It is a longstanding general principle that where a trustee discloses reasons for the exercise of a discretion, the validity of the trustee’s reasons are open to examination and reviewed by a court. However, where a trustee does not disclose reasons, the trustee’s discretion is only examinable as to good faith, real and genuine consideration and in accordance with the purposes for which the discretion was conferred (Karger v Paul  VicRp 13;  VR 161).
In Re Marsella; Marsella v Wareham (No 2)  VSC 65, the Supreme Court held that, even in the absence of reasons for a trustee’s discretion, that discretion was exercised in bad faith and without real and genuine consideration to the interests of the dependents of the fund in question and the discretion was therefore set aside.

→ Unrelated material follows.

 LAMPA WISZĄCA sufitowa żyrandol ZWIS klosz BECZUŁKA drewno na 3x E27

Marsella concerned a dispute over the estate of Helen Marsella, and relates to a superannuation fund by which, prior to her death, the deceased managed her retirement funds. The deceased was survived by her husband, who was the plaintiff in the proceeding, and her two children, one of whom was the first defendant. The second defendant was the first defendant’s husband. When the fund was established, the deceased and the first defendant were appointed trustees and the deceased was the sole member and founder. The death benefit payable from the fund was estimated to be $450,416. Following her mother’s death, the first defendant resolved as surviving trustee of the fund to appoint the second defendant as a trustee of the fund and the trustees resolved to distribute the entire benefit of the fund to the first defendant.
The court concluded there was a lack of real and genuine consideration based upon, amongst other factors, the outcome of the defendants’ exercise of discretion which was to distribute the entire proceeds of the fund to the first defendant. In this regard, the court noted that where the outcome of the exercise of discretion by a trustee is “grotesquely unreasonable”, this may form evidence that the discretion was not properly exercised or was exercised in bad faith.

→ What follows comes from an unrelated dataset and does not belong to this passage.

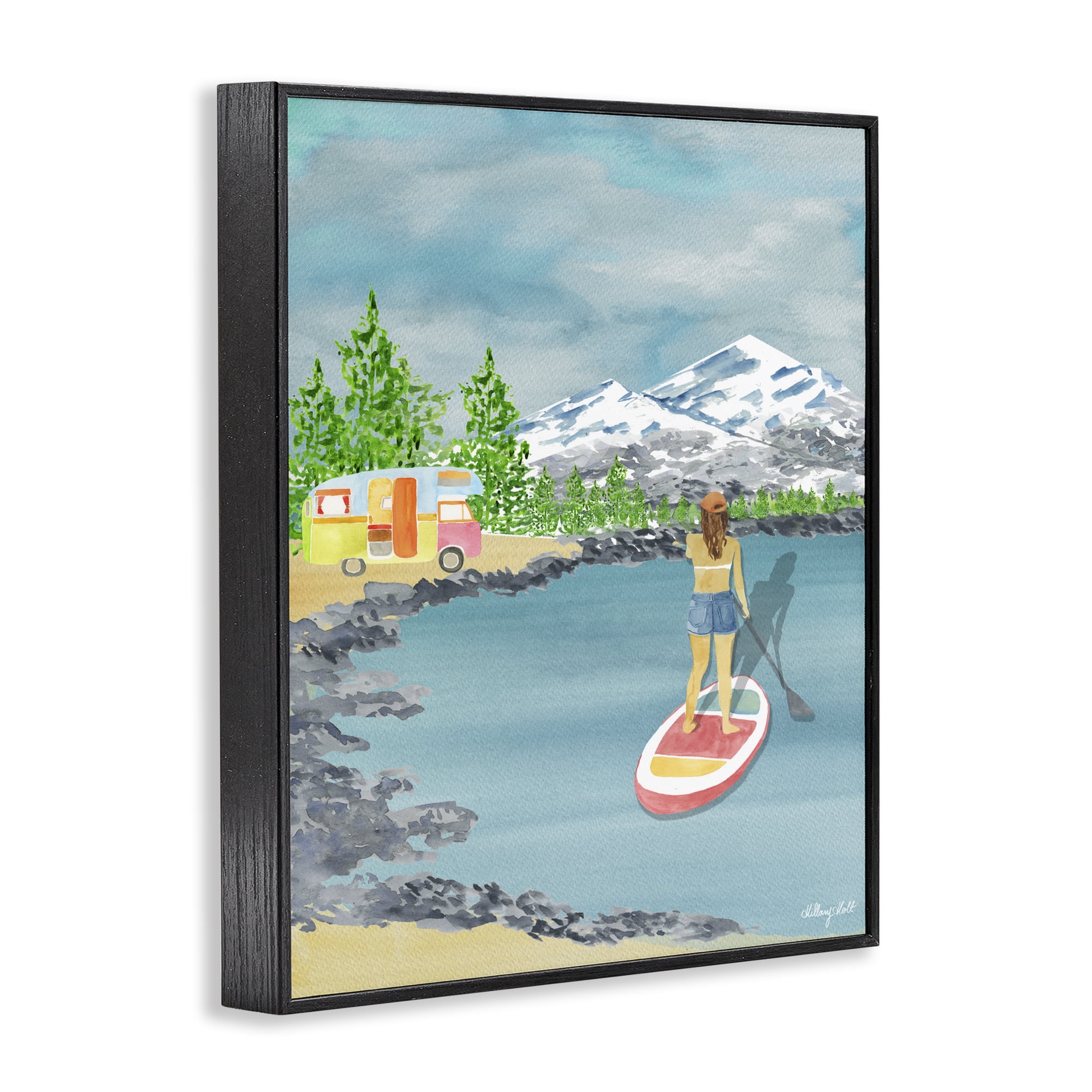 Stupell Industries Lake Tahoe Paddle Boarding Black Framed Giclee Art, design by Hillary Holt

Further relevant factors for a court to consider are “the intention of the deceased as the settlor of the fund, the relationship between the deceased and the dependant, and the financial circumstances and needs of the dependants”. The court was partly informed of these factors in Marsella in an earlier and separate proceeding (the plaintiff sought further provision pursuant to Part IV of the Administration and Probate Act 1958) which gave the court notice of the relationship between the parties and their financial circumstances.
In considering the evidence, the court drew an inference that in distributing the fund, the first defendant “acted arbitrarily…with ignorance of, or insolence toward, her duties” and further, it was held the first defendant “acted in the context of uncertainty, misapprehensions as to the identity of a beneficiary, her duties as trustee, and her position of conflict”. Accordingly, the court held the first defendant did not give real and genuine consideration to the interest of the dependents of the fund, which the court said was supported by the outcome of the exercise of the discretion.
Further, in light of the court’s finding of improper exercise of the discretion, not only was the decision set aside, but the defendants were also removed as trustees.
Marsella is an example of a trustees’ decision being successfully overturned despite the absence of reasons for the exercise of the discretion. In these circumstances, trustees must be aware that even where there is an absolute and unfettered discretion, that discretion is examinable by the court as to good faith, real and genuine consideration and the absence of an ulterior purpose.